Adaption Labs launched AutoScientist on May 13, an automated fine-tuning system that co-optimizes training data and model recipes until output converges on a target behavior. The San Francisco startup says in its blog post that win rates jumped from 48% to 64% against configurations picked by Adaption's own AI researchers, a 35% relative improvement measured on internal benchmarks across eight verticals.

The setup deserves a closer read.

Better than its own researchers

According to the launch post, Adaption's in-house researchers set fine-tuning configurations with full knowledge of model type, domain and dataset size. AutoScientist got the same information plus the ability to self-improve from a limited history of past runs. Both were evaluated on in-house, domain-specialized tests against models hosted by Together AI, with dataset sizes from 5,000 to 100,000 examples.

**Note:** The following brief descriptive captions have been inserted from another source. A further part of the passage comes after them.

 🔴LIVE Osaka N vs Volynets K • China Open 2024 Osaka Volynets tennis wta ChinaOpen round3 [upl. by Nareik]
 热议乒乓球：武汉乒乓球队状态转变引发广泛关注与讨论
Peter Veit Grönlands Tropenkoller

If you're keeping score: Adaption picked the test, picked the metric, picked the baseline, and ran the comparison. The 35% gap is the gap Adaption's system has over Adaption's humans on tasks Adaption designed. That doesn't make it wrong. It does make it unverifiable until customers run their own data through the system.

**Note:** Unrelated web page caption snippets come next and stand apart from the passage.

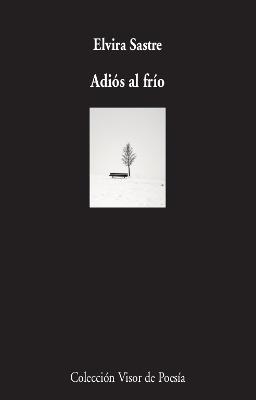 Adiós al frío | 9788498954050 | Sastre, Elvira | Librería Castillón - Comprar libros online Aragón, Barbastro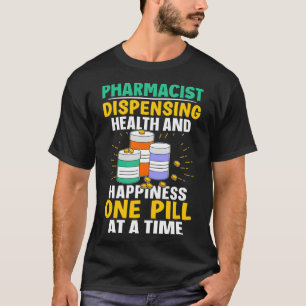 Gesundheit und Glück - eine Pille nach der anderen T-Shirt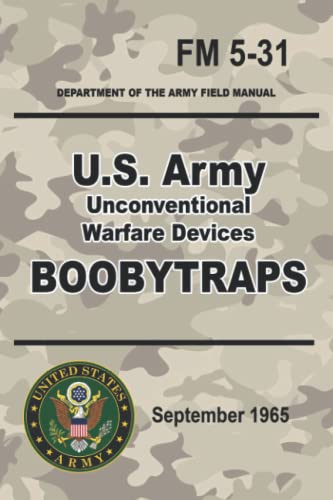 U.S. Army Unconventional Warfare Devices Boobytraps: Special Forces Tested | Official FM 5-31 | 6 x 9 inch size | (Prepper Survival Army) von Independently published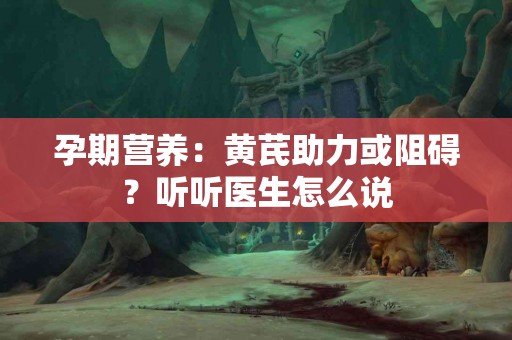 孕期营养:黄芪助力或阻碍?听听医生怎么说 孕期营养:黄芪助力或阻碍?听听医生怎么说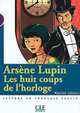 Arsene Lupin, les huit coups de l'horloge - Niveau 1, Maurice Leblanc, Catherine Barnoud-Bedel 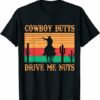 Cowboy Like Me T-Shirt Cowboy Butts Drive Me Nuts Retro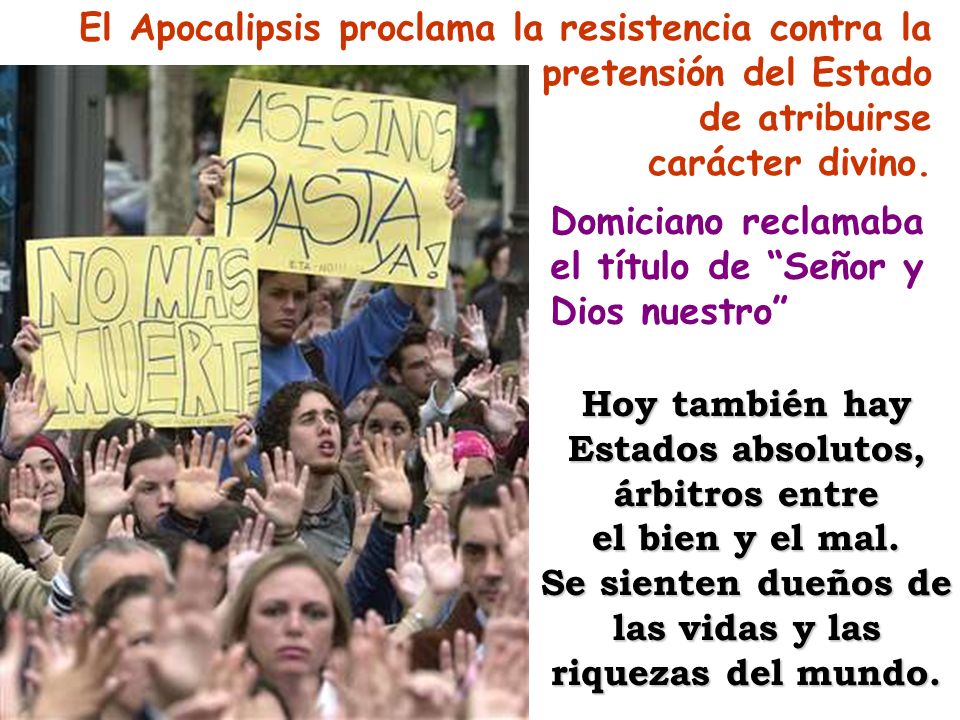 El Apocalipsis proclama la resistencia contra la pretensión del Estado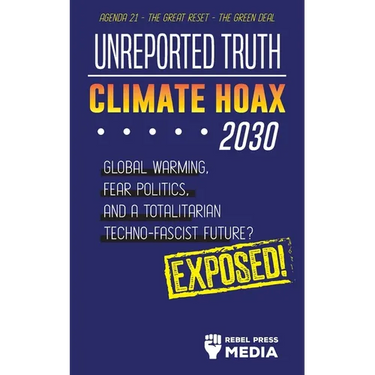 Unreported Truth - Climate Hoax 2030 - Global Warming, Fear Politics and a Totalitarian Techno-Fascist Future? Agenda 21 - The Great Reset - The Green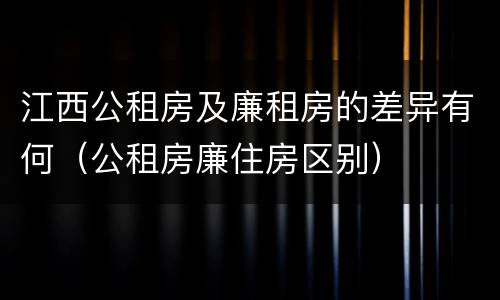 江西公租房及廉租房的差异有何（公租房廉住房区别）
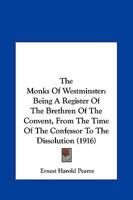 The Monks of Westminster: Being a Register of the Brethren of the Convent from the Time of the Confessor to the Dissolution, with Lists of the Obedientiaries and an Introduction 1165601656 Book Cover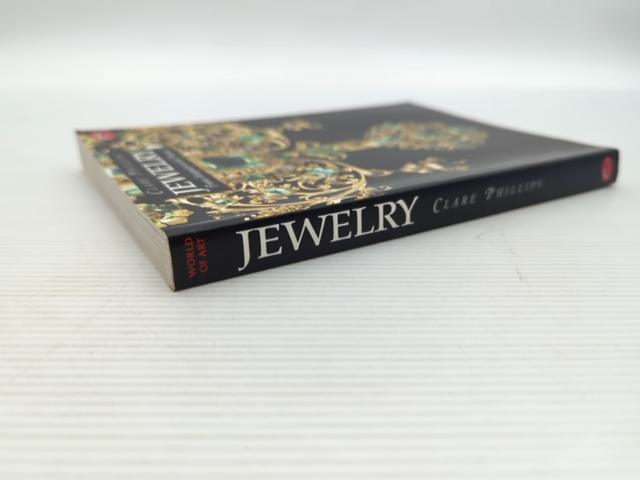 World Of Art Jewelery From Antiguity To The Present by Clare Phillips, Jewellery by Clare Phillips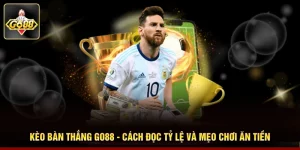 Kèo Bàn Thắng Go88 - Cách Đọc Tỷ Lệ Và Mẹo Chơi Ăn Tiền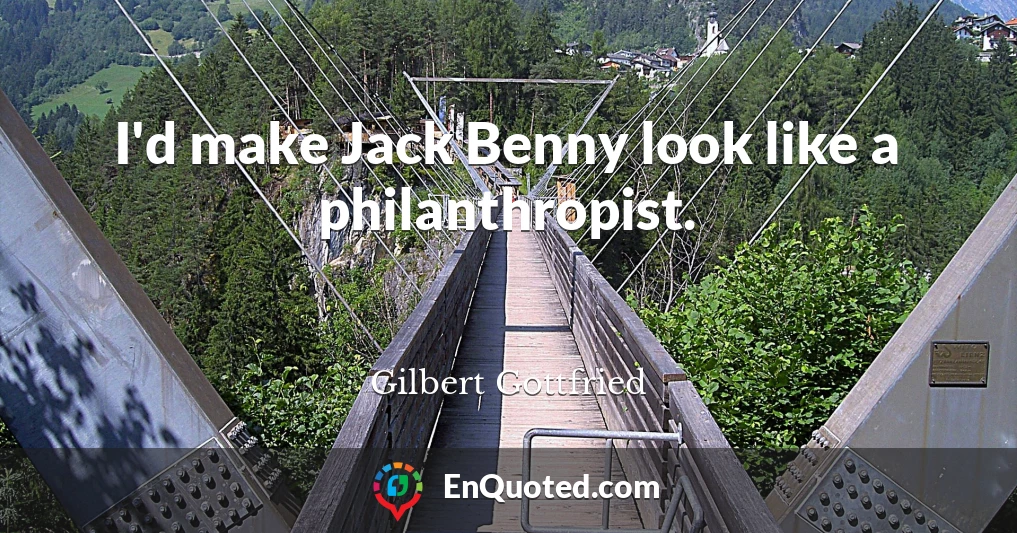 I'd make Jack Benny look like a philanthropist.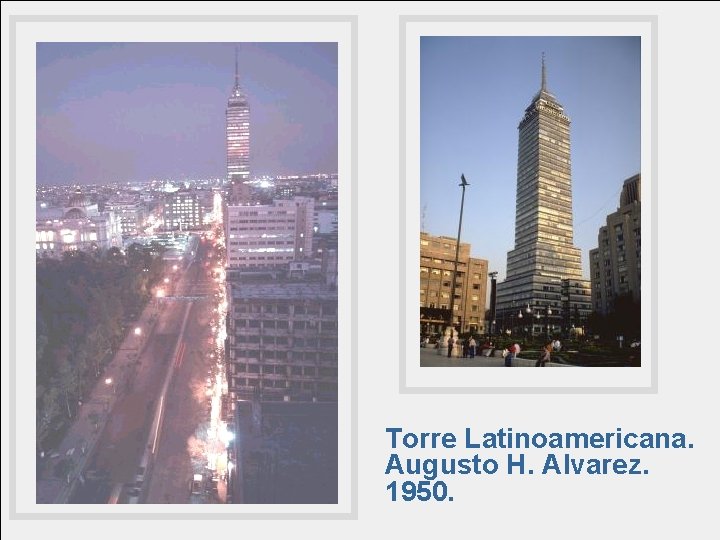 Torre Latinoamericana. Augusto H. Alvarez. 1950. 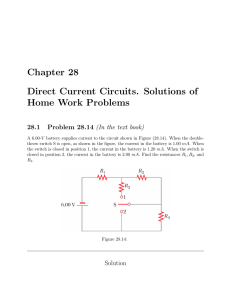 Chapter 28 Direct Current Circuits. Solutions of Home Work Problems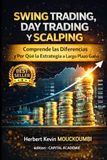Swing Trading, Day Trading y Scalping: Comprende las Diferencias y Por Qué la Estrategia a Largo Plazo Gana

To Adaption's partial credit, the company concedes this directly. Standard fine-tuning benchmarks like SWE-Bench or ARC-AGI don't apply because AutoScientist isn't tuning for general capability. It's tuning for whatever specific behavior a user describes. So how do you grade a system whose entire job is bespoke output? There is no public scoreboard for "did this fine-tune actually do what I asked," which is the problem AutoScientist is trying to solve, and also the reason the win-rate claim is hard to interrogate from outside.

The "less than a thousand people" pitch

"Less than a thousand people in the world know how to shape a frontier model," Adaption's launch post claims (a number worth squinting at, though directionally the gist holds). That's the marketing wedge: most enterprises end up doing prompt engineering because actually fine-tuning is hard, fails often, and demands expertise locked inside a handful of labs. AutoScientist is pitched as the tool that gets developers from idea to "an owned, adapted model in an afternoon, not weeks."

CEO Sara Hooker, formerly VP of AI research at Cohere and a Google Brain alumna best known for her 2020 Hardware Lottery paper, told TechCrunch the system "co-optimizes both the data and the model, and learns the best way to basically learn any capability." And whether that holds outside Adaption's grid is what the next 30 days are supposed to answer.

Hooker and co-founder Sudip Roy, who ran inference at Cohere, started Adaption in 2025 and raised $50 million in February from Emergence Capital, Mozilla Ventures, Threshold Ventures and others. The company is part of a small cohort of post-Cohere, post-DeepMind founders arguing that AI's bottleneck isn't compute. It's training expertise.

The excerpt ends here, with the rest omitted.